**Supplied data**.
____________

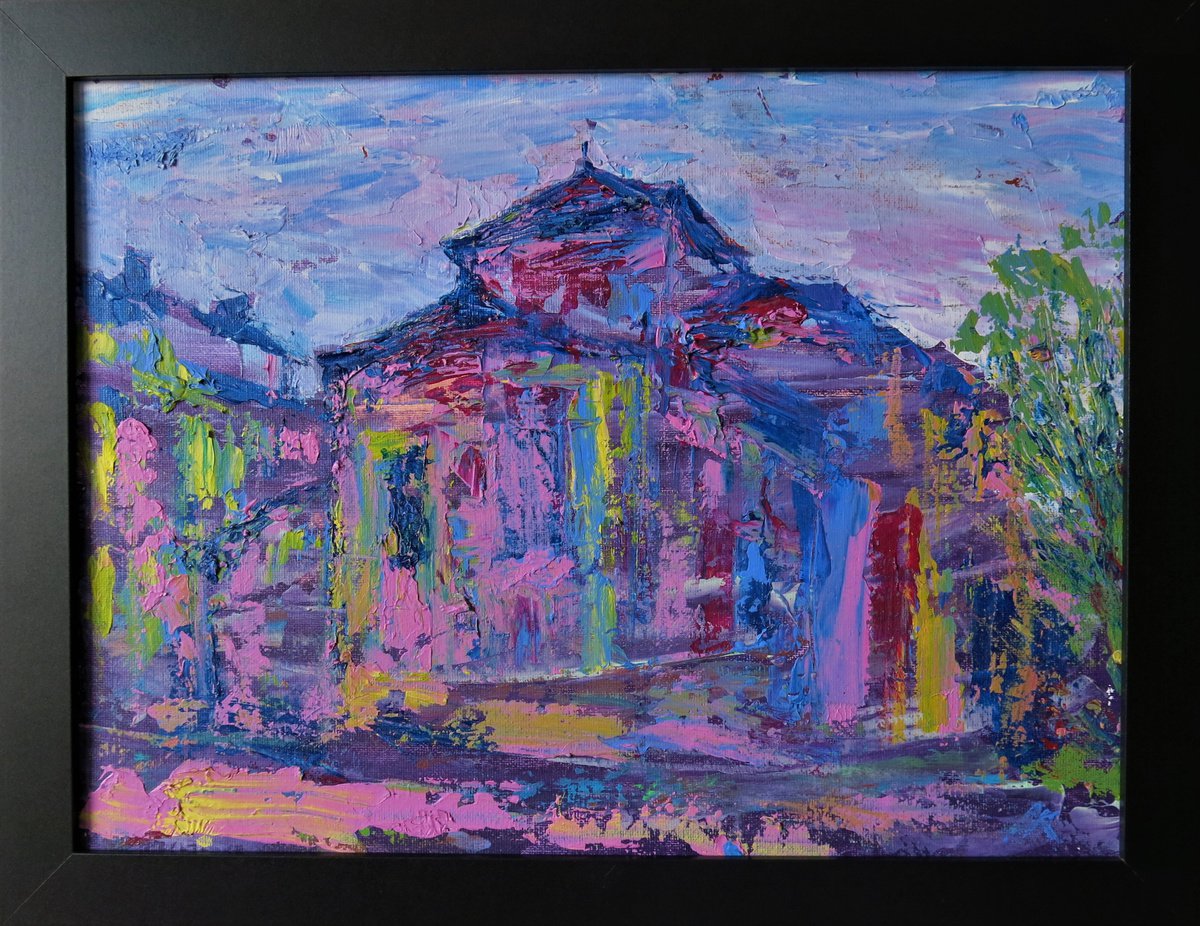 Abstract Cityscapes Acrylic Painting By Denys Kuvaiev, 18 X 14, San Cristobal Church, Original Artwork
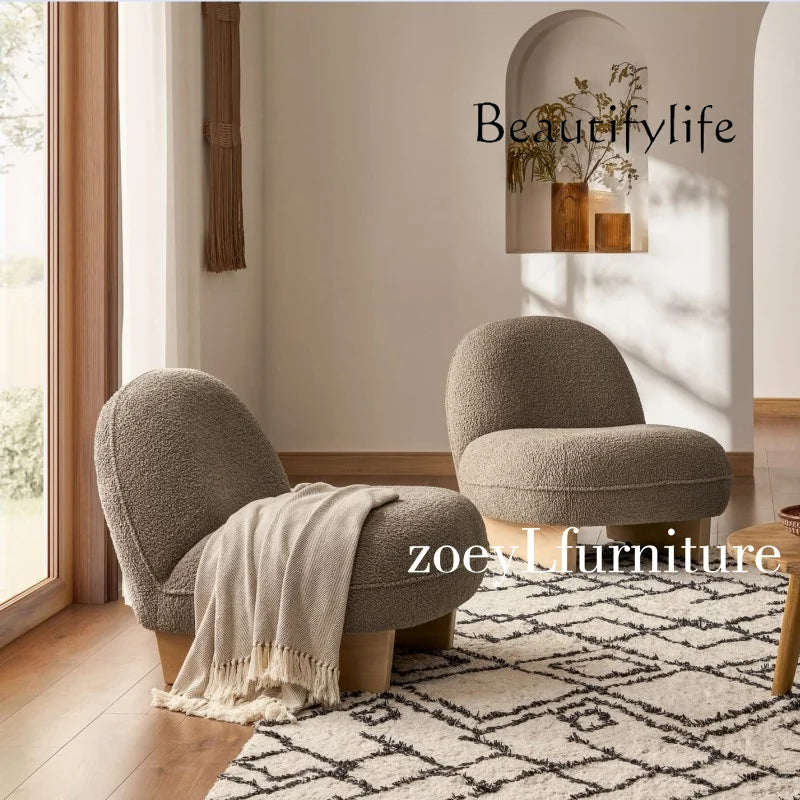 Nordic minimalist lamb wool balcony single sofa Italian living room solid wood leisure sofa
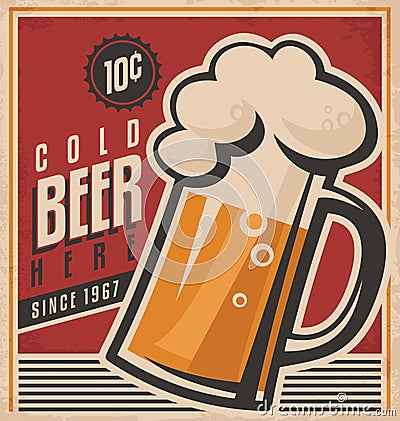 Retro beer vector poster Vector Illustration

____________

**Assignment**. Would you set down the material exactly as it stands, without the pictures?

**Solution**.
 Abstract Cityscapes Acrylic Painting By Denys Kuvaiev, 18 X 14, San Cristobal Church, Original Artwork
 Nordic minimalist lamb wool balcony single sofa Italian living room solid wood leisure sofa
 Retro beer vector poster Vector Illustration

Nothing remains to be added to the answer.